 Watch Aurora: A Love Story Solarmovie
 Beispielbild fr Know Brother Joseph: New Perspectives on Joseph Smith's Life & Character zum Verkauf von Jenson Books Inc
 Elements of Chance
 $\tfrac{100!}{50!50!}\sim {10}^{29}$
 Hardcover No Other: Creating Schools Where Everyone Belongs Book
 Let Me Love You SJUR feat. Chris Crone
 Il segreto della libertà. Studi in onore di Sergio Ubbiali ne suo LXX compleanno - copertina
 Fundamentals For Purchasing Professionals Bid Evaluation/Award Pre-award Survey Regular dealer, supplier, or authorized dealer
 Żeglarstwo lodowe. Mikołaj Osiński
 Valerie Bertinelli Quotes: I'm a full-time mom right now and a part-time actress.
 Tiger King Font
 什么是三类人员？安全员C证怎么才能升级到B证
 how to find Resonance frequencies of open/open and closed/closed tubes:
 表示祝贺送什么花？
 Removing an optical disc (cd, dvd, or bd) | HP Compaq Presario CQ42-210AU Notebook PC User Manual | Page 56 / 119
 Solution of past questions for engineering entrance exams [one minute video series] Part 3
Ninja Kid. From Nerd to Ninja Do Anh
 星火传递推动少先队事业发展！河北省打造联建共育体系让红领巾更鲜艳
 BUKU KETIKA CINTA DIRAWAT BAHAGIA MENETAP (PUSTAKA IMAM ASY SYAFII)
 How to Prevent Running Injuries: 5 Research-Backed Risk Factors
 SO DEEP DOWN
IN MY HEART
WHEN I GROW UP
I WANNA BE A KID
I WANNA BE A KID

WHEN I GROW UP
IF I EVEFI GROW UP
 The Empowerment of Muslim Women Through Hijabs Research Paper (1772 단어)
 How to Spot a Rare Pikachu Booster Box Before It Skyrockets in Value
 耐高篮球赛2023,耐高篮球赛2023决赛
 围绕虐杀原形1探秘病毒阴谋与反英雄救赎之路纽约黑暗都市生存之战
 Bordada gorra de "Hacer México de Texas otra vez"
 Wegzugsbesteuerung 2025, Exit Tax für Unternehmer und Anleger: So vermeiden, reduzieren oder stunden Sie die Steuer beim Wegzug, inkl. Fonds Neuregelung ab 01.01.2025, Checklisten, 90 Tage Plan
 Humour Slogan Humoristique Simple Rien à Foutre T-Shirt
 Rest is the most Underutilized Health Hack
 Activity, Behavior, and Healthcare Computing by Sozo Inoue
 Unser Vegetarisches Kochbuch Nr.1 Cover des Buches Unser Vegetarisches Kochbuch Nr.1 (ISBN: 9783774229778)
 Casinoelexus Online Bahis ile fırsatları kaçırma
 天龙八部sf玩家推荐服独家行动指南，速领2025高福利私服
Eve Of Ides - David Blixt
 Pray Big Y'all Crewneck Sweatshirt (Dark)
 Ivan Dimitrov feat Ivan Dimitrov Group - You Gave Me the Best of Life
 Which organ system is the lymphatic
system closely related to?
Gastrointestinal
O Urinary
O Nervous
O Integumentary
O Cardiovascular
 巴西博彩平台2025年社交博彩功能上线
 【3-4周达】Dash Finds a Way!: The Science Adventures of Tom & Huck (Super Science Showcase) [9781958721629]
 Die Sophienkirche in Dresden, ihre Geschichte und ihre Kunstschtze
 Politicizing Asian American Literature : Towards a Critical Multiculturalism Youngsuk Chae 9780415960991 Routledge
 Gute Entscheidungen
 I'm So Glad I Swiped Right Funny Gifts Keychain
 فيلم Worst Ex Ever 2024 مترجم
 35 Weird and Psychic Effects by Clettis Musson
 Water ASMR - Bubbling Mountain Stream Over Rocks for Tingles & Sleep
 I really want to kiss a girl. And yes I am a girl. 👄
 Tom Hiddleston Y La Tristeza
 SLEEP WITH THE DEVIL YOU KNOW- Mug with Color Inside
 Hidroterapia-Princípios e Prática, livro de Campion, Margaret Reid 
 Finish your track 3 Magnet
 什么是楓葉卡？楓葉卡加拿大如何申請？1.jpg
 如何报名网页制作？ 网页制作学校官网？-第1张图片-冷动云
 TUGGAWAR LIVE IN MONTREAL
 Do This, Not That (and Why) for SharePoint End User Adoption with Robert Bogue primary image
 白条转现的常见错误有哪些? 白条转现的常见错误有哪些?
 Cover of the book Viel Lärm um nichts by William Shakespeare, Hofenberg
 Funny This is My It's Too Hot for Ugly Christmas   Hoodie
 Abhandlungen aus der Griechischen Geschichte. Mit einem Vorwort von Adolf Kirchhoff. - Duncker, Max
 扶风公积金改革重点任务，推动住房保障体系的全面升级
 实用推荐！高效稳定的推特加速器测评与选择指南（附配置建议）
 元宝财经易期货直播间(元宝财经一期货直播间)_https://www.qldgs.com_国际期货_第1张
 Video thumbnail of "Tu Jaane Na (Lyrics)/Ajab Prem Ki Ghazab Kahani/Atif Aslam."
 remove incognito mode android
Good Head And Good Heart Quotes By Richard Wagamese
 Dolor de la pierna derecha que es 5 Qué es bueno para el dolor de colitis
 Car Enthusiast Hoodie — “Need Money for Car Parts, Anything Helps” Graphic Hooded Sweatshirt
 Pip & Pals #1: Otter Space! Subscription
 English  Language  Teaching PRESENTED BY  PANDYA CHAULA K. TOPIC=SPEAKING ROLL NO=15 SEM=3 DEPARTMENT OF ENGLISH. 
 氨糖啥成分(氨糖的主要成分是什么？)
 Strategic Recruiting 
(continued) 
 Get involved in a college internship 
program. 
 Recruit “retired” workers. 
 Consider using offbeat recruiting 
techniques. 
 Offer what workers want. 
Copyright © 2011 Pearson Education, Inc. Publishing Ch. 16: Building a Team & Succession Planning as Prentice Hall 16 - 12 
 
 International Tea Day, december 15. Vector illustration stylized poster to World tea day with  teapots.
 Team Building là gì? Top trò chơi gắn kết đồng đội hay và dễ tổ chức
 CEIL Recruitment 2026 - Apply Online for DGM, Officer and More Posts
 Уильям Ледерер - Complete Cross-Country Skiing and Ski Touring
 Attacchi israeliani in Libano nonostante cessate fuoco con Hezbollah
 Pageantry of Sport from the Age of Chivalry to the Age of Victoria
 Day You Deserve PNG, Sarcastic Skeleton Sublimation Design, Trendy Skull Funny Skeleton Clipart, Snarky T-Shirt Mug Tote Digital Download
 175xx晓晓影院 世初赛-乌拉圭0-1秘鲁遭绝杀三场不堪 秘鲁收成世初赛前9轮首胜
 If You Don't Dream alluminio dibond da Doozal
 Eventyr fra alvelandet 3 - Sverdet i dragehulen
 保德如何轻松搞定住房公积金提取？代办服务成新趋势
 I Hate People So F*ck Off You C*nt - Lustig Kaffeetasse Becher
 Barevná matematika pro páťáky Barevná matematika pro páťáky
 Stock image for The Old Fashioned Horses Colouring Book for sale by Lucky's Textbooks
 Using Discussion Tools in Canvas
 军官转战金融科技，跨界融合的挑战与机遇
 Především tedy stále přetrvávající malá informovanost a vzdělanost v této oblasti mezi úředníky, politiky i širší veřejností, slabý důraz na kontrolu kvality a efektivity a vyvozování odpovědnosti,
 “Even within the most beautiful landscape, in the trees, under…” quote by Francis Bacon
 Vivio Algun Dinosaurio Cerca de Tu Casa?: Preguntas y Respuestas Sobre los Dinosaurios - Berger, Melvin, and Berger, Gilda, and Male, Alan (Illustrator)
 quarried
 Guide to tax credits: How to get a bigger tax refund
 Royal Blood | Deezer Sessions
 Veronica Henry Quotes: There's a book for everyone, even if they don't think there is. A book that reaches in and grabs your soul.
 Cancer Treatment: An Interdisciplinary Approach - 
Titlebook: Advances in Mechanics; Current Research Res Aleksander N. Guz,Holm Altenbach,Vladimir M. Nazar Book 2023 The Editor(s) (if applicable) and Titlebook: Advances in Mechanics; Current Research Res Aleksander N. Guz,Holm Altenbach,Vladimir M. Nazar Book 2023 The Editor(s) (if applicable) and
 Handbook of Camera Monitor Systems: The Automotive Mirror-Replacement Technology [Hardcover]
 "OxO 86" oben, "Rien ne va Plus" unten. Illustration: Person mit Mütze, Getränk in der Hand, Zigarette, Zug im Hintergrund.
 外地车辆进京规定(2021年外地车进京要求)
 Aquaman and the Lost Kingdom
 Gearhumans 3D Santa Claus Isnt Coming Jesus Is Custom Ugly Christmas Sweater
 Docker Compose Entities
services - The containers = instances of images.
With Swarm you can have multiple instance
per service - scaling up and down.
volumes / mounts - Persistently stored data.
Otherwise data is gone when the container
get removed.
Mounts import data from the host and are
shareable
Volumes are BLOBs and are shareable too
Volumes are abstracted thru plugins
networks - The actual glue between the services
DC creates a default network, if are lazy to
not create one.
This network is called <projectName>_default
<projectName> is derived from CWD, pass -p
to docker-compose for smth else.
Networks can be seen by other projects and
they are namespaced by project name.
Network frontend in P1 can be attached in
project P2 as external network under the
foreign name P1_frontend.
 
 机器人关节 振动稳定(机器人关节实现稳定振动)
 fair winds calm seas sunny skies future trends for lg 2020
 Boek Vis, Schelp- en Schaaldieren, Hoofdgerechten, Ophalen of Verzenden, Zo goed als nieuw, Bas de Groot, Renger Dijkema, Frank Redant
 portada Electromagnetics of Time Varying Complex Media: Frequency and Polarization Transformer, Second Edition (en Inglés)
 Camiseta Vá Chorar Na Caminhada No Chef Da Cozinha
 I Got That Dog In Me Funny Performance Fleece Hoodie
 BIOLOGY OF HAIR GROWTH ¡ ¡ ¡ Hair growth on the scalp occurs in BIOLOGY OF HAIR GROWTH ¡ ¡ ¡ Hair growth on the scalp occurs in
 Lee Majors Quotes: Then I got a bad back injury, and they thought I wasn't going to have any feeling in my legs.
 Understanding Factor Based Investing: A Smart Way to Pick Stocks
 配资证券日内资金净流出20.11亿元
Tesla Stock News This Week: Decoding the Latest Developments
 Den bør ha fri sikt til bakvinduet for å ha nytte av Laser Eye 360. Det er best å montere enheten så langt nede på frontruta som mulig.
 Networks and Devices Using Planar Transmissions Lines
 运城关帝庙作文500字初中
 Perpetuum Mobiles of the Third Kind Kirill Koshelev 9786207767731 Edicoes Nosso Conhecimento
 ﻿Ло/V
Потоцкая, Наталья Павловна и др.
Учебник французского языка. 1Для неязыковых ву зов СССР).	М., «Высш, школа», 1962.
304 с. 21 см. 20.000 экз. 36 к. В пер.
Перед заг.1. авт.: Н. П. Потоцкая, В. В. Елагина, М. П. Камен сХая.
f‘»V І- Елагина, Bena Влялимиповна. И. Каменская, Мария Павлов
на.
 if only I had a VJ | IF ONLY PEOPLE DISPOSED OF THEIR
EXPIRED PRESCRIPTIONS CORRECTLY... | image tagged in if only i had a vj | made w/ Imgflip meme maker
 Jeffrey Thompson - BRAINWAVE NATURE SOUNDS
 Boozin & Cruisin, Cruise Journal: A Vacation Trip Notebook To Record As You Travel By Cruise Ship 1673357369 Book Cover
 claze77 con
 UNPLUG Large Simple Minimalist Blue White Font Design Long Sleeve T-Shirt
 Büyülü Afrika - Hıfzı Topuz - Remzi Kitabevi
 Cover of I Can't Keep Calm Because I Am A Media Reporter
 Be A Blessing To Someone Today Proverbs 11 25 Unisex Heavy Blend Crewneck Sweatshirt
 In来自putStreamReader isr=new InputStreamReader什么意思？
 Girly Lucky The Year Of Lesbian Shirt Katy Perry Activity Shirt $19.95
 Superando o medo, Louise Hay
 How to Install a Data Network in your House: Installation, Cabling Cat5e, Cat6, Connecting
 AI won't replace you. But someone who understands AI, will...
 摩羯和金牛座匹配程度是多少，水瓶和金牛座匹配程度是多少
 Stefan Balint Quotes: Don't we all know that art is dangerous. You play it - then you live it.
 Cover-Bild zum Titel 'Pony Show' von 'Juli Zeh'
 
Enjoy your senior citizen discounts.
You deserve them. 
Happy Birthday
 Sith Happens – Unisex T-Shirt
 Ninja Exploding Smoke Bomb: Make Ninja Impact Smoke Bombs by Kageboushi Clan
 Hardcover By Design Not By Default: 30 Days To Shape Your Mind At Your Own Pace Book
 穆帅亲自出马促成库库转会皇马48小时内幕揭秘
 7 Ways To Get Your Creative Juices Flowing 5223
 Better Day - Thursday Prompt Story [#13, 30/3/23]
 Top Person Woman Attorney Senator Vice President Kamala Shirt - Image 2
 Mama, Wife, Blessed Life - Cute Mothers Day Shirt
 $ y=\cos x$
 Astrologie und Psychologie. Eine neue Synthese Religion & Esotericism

________________________

_PROBLEM TO SOLVE_: Search the listing above for the lines with "Good Head And" and "Pip & Pals #1: Otter Space! Subscription", then output those lines and all lines between them exactly.

_RESPONSE TO THIS TASK_:
Good Head And Good Heart Quotes By Richard Wagamese
 Dolor de la pierna derecha que es 5 Qué es bueno para el dolor de colitis
 Car Enthusiast Hoodie — “Need Money for Car Parts, Anything Helps” Graphic Hooded Sweatshirt
 Pip & Pals #1: Otter Space! Subscription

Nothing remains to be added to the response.